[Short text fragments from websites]
⟨

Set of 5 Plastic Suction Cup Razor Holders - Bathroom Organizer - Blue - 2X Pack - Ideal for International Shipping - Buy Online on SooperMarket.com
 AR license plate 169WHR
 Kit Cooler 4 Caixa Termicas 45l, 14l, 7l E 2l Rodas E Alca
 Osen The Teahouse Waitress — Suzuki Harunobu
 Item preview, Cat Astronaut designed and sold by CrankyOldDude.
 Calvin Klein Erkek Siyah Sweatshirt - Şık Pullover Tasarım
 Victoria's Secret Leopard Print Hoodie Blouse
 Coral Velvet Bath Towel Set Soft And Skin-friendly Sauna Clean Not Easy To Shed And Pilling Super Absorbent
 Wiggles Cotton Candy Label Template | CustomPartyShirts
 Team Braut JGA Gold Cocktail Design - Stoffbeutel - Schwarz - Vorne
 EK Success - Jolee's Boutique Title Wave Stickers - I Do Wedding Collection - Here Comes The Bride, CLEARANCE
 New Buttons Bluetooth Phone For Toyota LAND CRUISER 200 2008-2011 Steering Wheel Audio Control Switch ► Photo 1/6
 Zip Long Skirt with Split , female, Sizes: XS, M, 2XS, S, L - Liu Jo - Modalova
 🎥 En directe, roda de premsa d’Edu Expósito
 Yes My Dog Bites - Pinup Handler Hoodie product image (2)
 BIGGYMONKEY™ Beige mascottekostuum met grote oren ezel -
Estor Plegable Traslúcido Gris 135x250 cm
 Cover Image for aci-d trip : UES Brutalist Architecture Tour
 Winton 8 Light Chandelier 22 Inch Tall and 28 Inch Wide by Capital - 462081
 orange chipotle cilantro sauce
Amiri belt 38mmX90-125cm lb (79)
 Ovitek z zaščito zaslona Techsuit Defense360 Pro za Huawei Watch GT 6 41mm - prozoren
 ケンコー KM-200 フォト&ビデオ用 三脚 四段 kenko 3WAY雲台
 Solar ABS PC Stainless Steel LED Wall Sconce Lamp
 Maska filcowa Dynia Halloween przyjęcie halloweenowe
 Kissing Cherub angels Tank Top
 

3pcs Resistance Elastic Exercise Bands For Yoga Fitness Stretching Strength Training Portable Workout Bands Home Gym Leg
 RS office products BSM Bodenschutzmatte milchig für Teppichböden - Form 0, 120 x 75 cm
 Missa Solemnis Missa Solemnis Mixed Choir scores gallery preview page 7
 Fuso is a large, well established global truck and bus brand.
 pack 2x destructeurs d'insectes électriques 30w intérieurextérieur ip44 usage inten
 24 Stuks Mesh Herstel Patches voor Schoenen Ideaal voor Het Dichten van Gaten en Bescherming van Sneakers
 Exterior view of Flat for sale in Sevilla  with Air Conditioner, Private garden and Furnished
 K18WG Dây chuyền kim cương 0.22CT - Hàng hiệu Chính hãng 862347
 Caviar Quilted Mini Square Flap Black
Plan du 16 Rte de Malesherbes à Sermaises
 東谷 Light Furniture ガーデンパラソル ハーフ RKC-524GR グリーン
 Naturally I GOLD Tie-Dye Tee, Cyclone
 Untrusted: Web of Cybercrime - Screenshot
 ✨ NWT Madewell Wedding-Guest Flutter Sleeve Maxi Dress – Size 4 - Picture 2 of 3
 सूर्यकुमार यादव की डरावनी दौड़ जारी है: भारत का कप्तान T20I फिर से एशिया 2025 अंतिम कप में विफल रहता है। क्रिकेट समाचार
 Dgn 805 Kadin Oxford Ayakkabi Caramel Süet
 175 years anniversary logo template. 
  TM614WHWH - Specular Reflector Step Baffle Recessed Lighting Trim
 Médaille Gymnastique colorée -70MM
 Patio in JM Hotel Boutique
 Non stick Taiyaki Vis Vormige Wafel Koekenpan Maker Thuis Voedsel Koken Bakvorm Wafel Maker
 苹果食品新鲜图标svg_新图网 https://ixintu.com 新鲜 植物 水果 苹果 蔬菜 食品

⟩

What is being asked:
Please write out the records above once more, exactly and completely.

Solution to this exercise:
Set of 5 Plastic Suction Cup Razor Holders - Bathroom Organizer - Blue - 2X Pack - Ideal for International Shipping - Buy Online on SooperMarket.com
 AR license plate 169WHR
 Kit Cooler 4 Caixa Termicas 45l, 14l, 7l E 2l Rodas E Alca
 Osen The Teahouse Waitress — Suzuki Harunobu
 Item preview, Cat Astronaut designed and sold by CrankyOldDude.
 Calvin Klein Erkek Siyah Sweatshirt - Şık Pullover Tasarım
 Victoria's Secret Leopard Print Hoodie Blouse
 Coral Velvet Bath Towel Set Soft And Skin-friendly Sauna Clean Not Easy To Shed And Pilling Super Absorbent
 Wiggles Cotton Candy Label Template | CustomPartyShirts
 Team Braut JGA Gold Cocktail Design - Stoffbeutel - Schwarz - Vorne
 EK Success - Jolee's Boutique Title Wave Stickers - I Do Wedding Collection - Here Comes The Bride, CLEARANCE
 New Buttons Bluetooth Phone For Toyota LAND CRUISER 200 2008-2011 Steering Wheel Audio Control Switch ► Photo 1/6
 Zip Long Skirt with Split , female, Sizes: XS, M, 2XS, S, L - Liu Jo - Modalova
 🎥 En directe, roda de premsa d’Edu Expósito
 Yes My Dog Bites - Pinup Handler Hoodie product image (2)
 BIGGYMONKEY™ Beige mascottekostuum met grote oren ezel -
Estor Plegable Traslúcido Gris 135x250 cm
 Cover Image for aci-d trip : UES Brutalist Architecture Tour
 Winton 8 Light Chandelier 22 Inch Tall and 28 Inch Wide by Capital - 462081
 orange chipotle cilantro sauce
Amiri belt 38mmX90-125cm lb (79)
 Ovitek z zaščito zaslona Techsuit Defense360 Pro za Huawei Watch GT 6 41mm - prozoren
 ケンコー KM-200 フォト&ビデオ用 三脚 四段 kenko 3WAY雲台
 Solar ABS PC Stainless Steel LED Wall Sconce Lamp
 Maska filcowa Dynia Halloween przyjęcie halloweenowe
 Kissing Cherub angels Tank Top
 

3pcs Resistance Elastic Exercise Bands For Yoga Fitness Stretching Strength Training Portable Workout Bands Home Gym Leg
 RS office products BSM Bodenschutzmatte milchig für Teppichböden - Form 0, 120 x 75 cm
 Missa Solemnis Missa Solemnis Mixed Choir scores gallery preview page 7
 Fuso is a large, well established global truck and bus brand.
 pack 2x destructeurs d'insectes électriques 30w intérieurextérieur ip44 usage inten
 24 Stuks Mesh Herstel Patches voor Schoenen Ideaal voor Het Dichten van Gaten en Bescherming van Sneakers
 Exterior view of Flat for sale in Sevilla  with Air Conditioner, Private garden and Furnished
 K18WG Dây chuyền kim cương 0.22CT - Hàng hiệu Chính hãng 862347
 Caviar Quilted Mini Square Flap Black
Plan du 16 Rte de Malesherbes à Sermaises
 東谷 Light Furniture ガーデンパラソル ハーフ RKC-524GR グリーン
 Naturally I GOLD Tie-Dye Tee, Cyclone
 Untrusted: Web of Cybercrime - Screenshot
 ✨ NWT Madewell Wedding-Guest Flutter Sleeve Maxi Dress – Size 4 - Picture 2 of 3
 सूर्यकुमार यादव की डरावनी दौड़ जारी है: भारत का कप्तान T20I फिर से एशिया 2025 अंतिम कप में विफल रहता है। क्रिकेट समाचार
 Dgn 805 Kadin Oxford Ayakkabi Caramel Süet
 175 years anniversary logo template. 
  TM614WHWH - Specular Reflector Step Baffle Recessed Lighting Trim
 Médaille Gymnastique colorée -70MM
 Patio in JM Hotel Boutique
 Non stick Taiyaki Vis Vormige Wafel Koekenpan Maker Thuis Voedsel Koken Bakvorm Wafel Maker
 苹果食品新鲜图标svg_新图网 https://ixintu.com 新鲜 植物 水果 苹果 蔬菜 食品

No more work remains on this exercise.